Cela nous amène donc au deuxième volet, de cet intérêt qui nous a incités à faire de cette Rihla, l’objet de cette étude, et que l’on peut résumer en cette immense interrogation :

Quelles sont les raisons qui expliquent ce désintérêt total, envers Al-Wazir de la part de ses compatriotes ? Toutes les Rihla faites en pays européens et sans exception furent éditées, commentées, annotées, sauf celle-ci. Aucun historien marocain jusqu’à aujourd’hui n’a daigné jeter le moindre regard sur elle, ni s’intéresser à son auteur, encore une fois : quelles sont les causes avouées ou inavouées, qui condamnèrent à l’oubli un souffle d’air vivifiant. Comment expliquer que seuls les étrangers ont exhumé et exhibé cette Rihla à des fins qui servent plus l’idéologie que la science ?

Afin d’illustrer nos propos et mieux ressortir l’originalité de cette Rihla. Nous avons cru bon de procéder à une confrontation entre cette œuvre d’Al-Wazir, et certaines autres Rihla entreprises à leur tour en Espagne. Car il est patent de constater que si Al-Wazir et sa Rihla furent ignorés, ses successeurs ont eu tout le succès escompté. Muh.El Fasi qui a édité la plupart de ces travaux, nous dit que ce sont eux qui ont incité les sultans à engager les réformes (Al Islah). Si cette affirmation est à vérifier, il est indéniable que ces auteurs ont largement contribué à la formation d’une certaine image, d’une certaine Europe.

Dans un ouvrage qui vient de paraître en langue arabe sur “l’Europe dans le miroir des relations des voyageurs marocains”. L’auteur, historien va même jusqu’à soutenir que toutes ces Rihla depuis Ibn Utman Al Miknasi “forment trois étapes dans la formation de la conscience historique nationale marocaine”. Il va sans dire que ni Al-Wazir, ni sa Rihla, ne sont à aucun moment mentionnés !

Restaurer et restituer cet édifice disparu, c’est-à-dire l’homme et son œuvre, lui restituer le rang qui lui revient dans cette fameuse “conscience historique nationale”. Voilà un pari difficile, si ce travail malgré ses imperfections, et la part de subjectivité qui le traverse, réussit un tel exploit, il ne serait ni vain, ni inutile.
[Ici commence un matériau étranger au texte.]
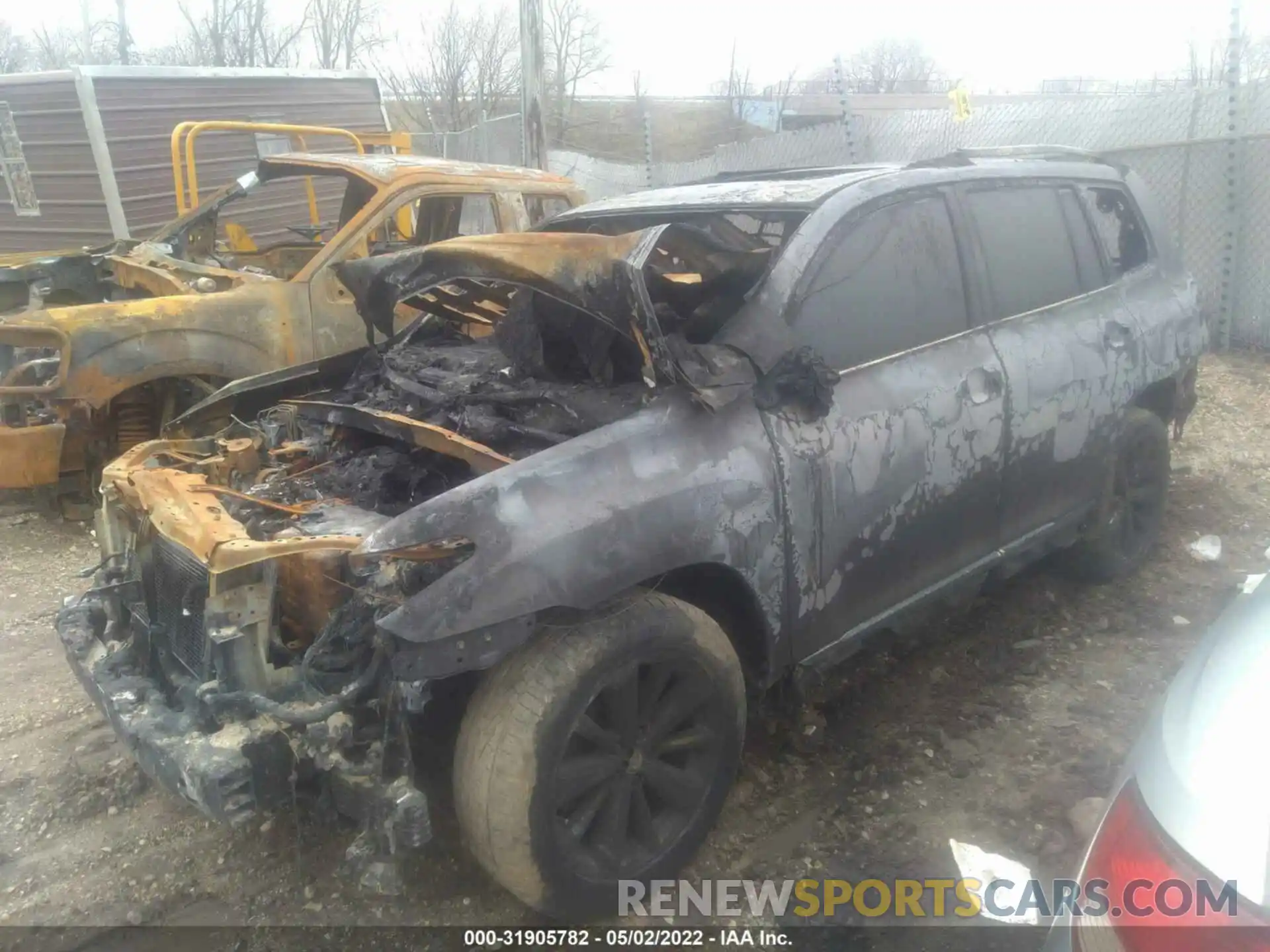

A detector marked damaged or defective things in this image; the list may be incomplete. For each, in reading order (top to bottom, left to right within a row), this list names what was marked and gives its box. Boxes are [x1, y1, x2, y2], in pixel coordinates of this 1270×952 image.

rusted sheet metal [0, 424, 65, 487]
rusted sheet metal [288, 401, 510, 475]
burned gray suv [60, 147, 1204, 919]
burned pickup truck [60, 153, 1204, 919]
burned door frame [762, 182, 1011, 665]
burned door frame [954, 180, 1153, 551] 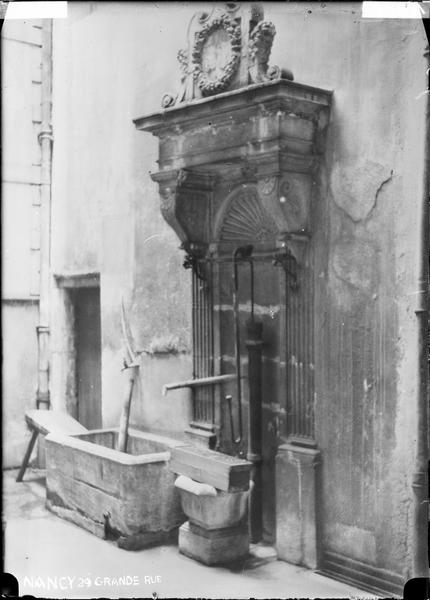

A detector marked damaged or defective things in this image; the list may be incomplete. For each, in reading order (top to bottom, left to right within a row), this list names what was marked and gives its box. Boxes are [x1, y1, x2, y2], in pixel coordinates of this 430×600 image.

peeling plaster patch [330, 159, 394, 223]
peeling plaster patch [330, 238, 374, 292] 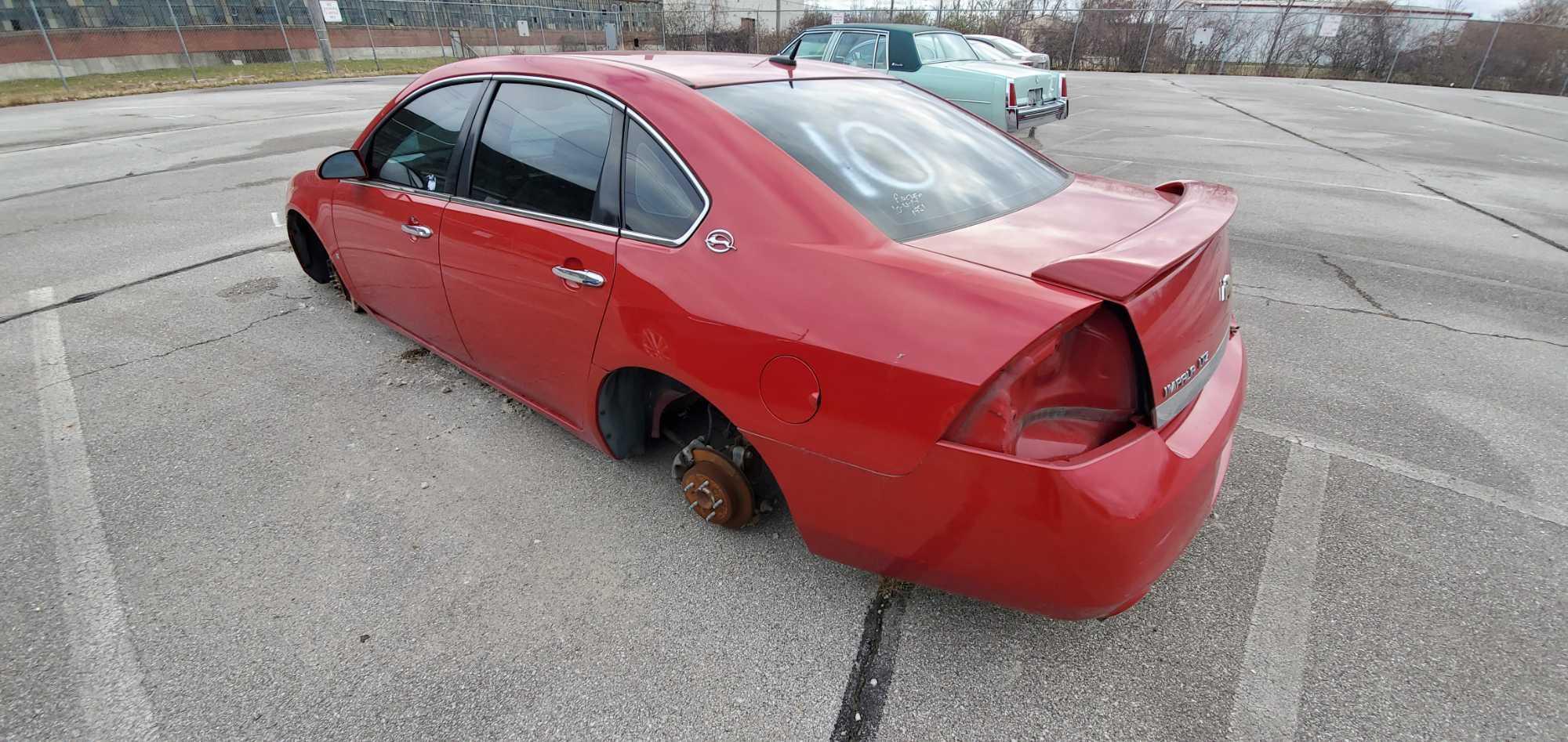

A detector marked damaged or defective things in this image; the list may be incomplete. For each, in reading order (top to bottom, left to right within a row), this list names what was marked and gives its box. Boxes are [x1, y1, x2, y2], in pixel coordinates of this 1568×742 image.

cracked taillight [941, 304, 1142, 461]
rusty hub [677, 448, 756, 527] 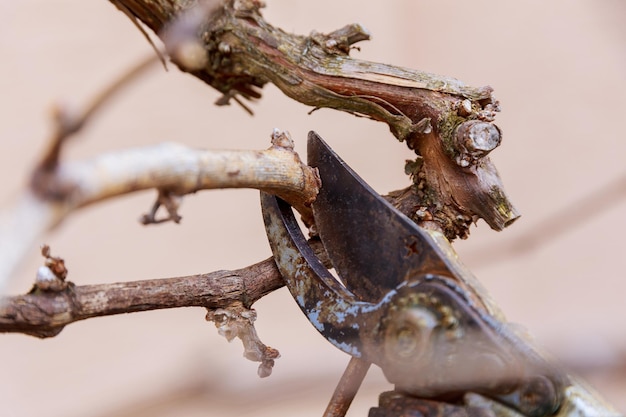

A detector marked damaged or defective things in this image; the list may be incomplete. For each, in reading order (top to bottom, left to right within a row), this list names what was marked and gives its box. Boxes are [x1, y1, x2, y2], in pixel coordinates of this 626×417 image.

rusty blade [308, 132, 454, 300] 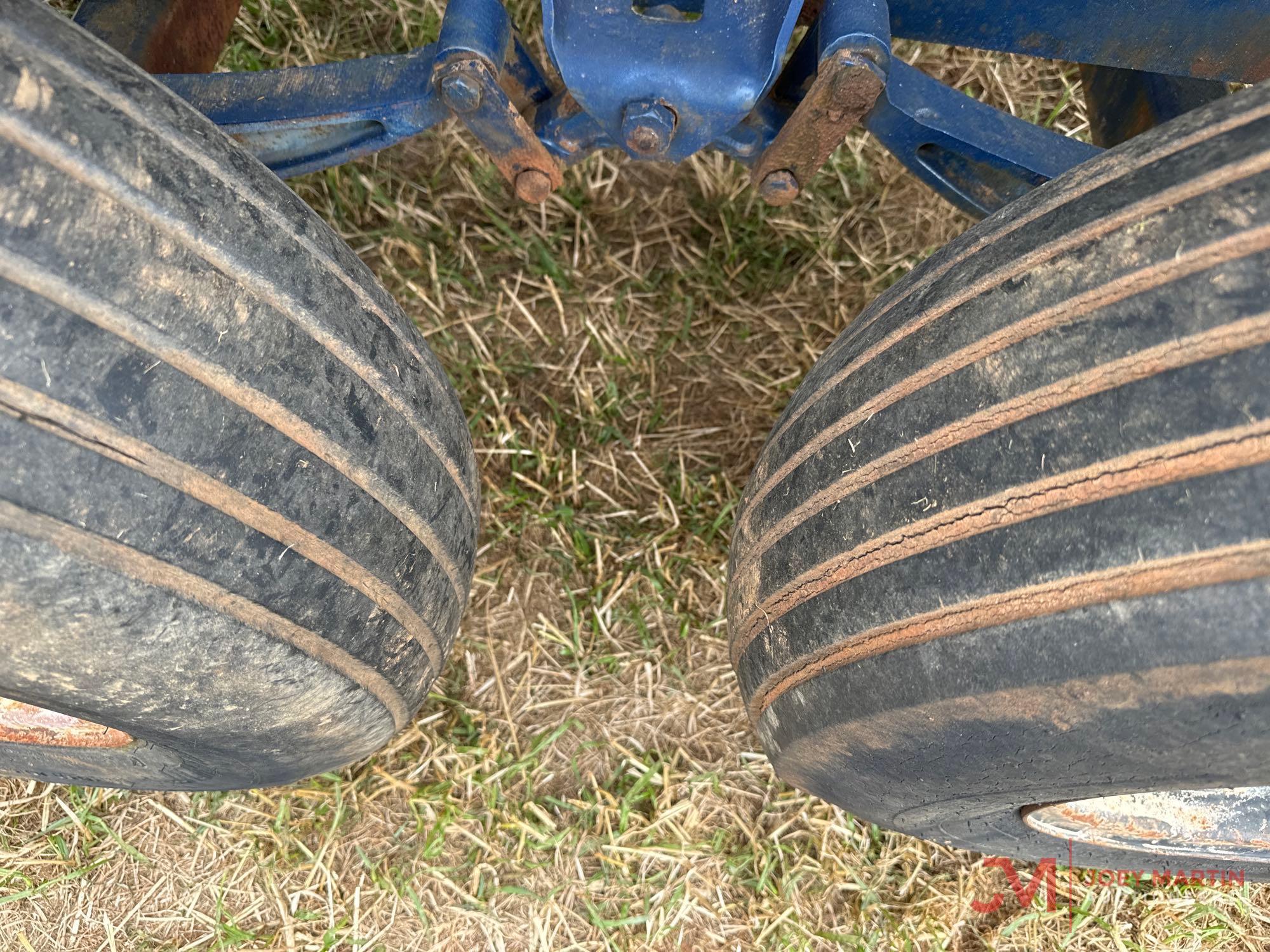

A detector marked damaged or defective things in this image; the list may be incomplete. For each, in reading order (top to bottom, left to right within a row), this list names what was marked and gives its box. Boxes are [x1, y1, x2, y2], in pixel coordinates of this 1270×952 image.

rust stain on metal [76, 0, 244, 74]
rusty bolt [439, 72, 483, 115]
rusty bolt [622, 101, 681, 157]
rust stain on metal [747, 51, 879, 204]
rusty bolt [513, 170, 554, 203]
rusty bolt [757, 171, 798, 208]
rust stain on metal [0, 696, 133, 751] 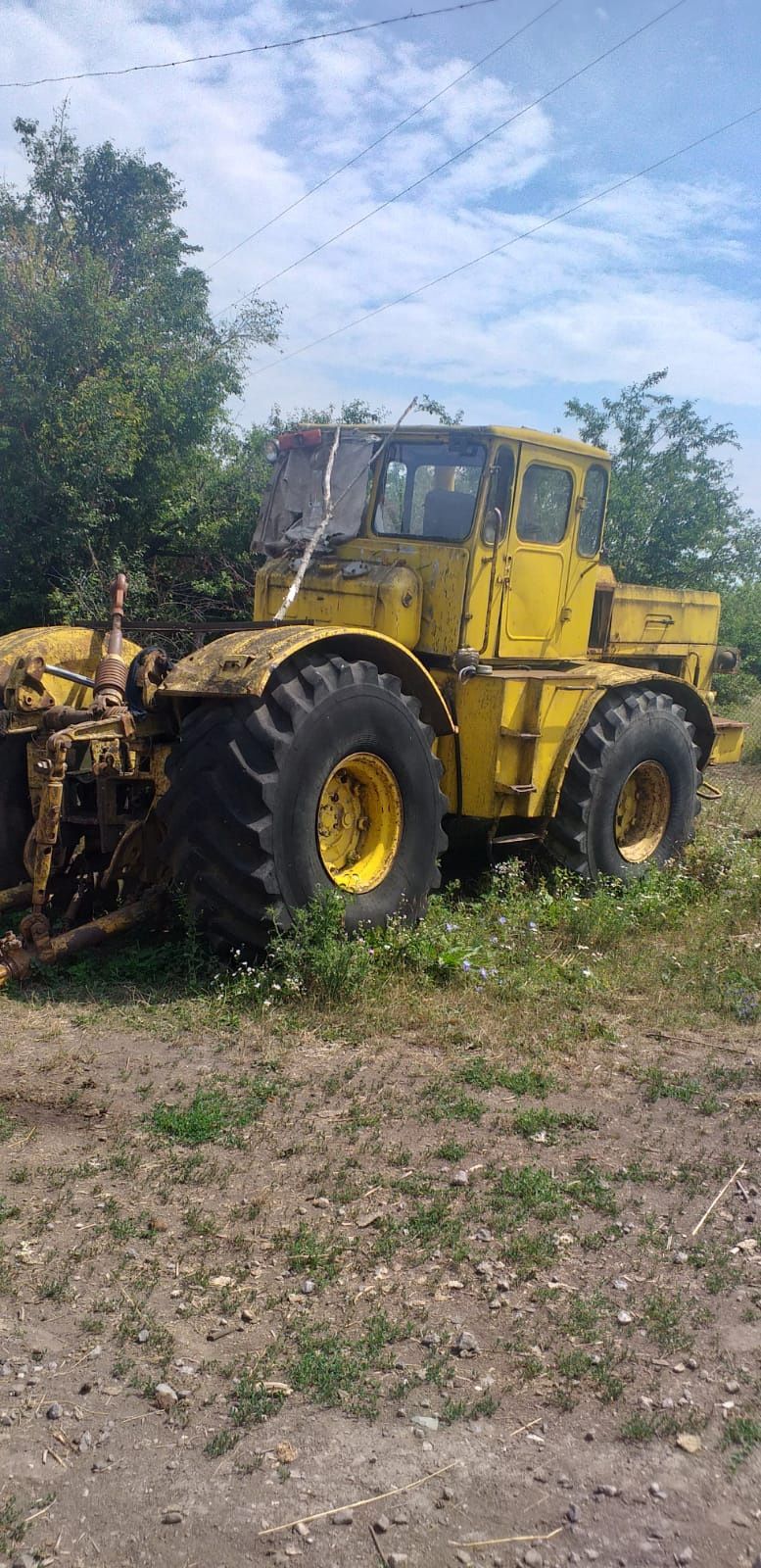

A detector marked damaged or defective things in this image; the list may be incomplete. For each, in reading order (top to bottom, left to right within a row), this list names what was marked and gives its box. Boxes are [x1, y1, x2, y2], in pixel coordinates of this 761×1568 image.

torn canvas tarp [255, 435, 377, 558]
rusty hood panel [154, 623, 451, 733] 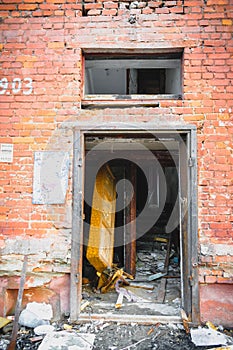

Je n’oublierai surtout pas avant de conclure cette introduction de remercier les responsables de la Bibliothèque Générale, comme ceux de la Bibliothèque Royale et de la Bibliothèque de la Source de Rabat, de même que le personnel de la Bibliothèque Nationale et de la Bibliothèque Orientale à Paris. J’exprime donc toute ma gratitude envers ces femmes et ces hommes qui m’ont, avec une inlassable obligeance, permis de consulter toutes sortes de documents nécessaires à ma recherche.

Je tiens à remercier également Madame Bussy Genevois Danielle, professeur d’espagnol. Le diplôme que j’ai préparé sous sa direction a été pour moi une véritable initiation à la langue et à la civilisation hispanique. Les Professeurs : Mohamed Arkoun, André Miquel, Jamel Eddine Bencheikh -que j’ai eu la chance et l’honneur de travailler sous leur direction- leurs conseils généreusement prodigués ont largement contribués à élargir les horizons de ma réflexion. Mes remerciements également à Henry Laurens professeur au Collège de France qui a dirigé cette thèse, et dont la sérénité et la richesse de nos échanges furent des plus fructifiant.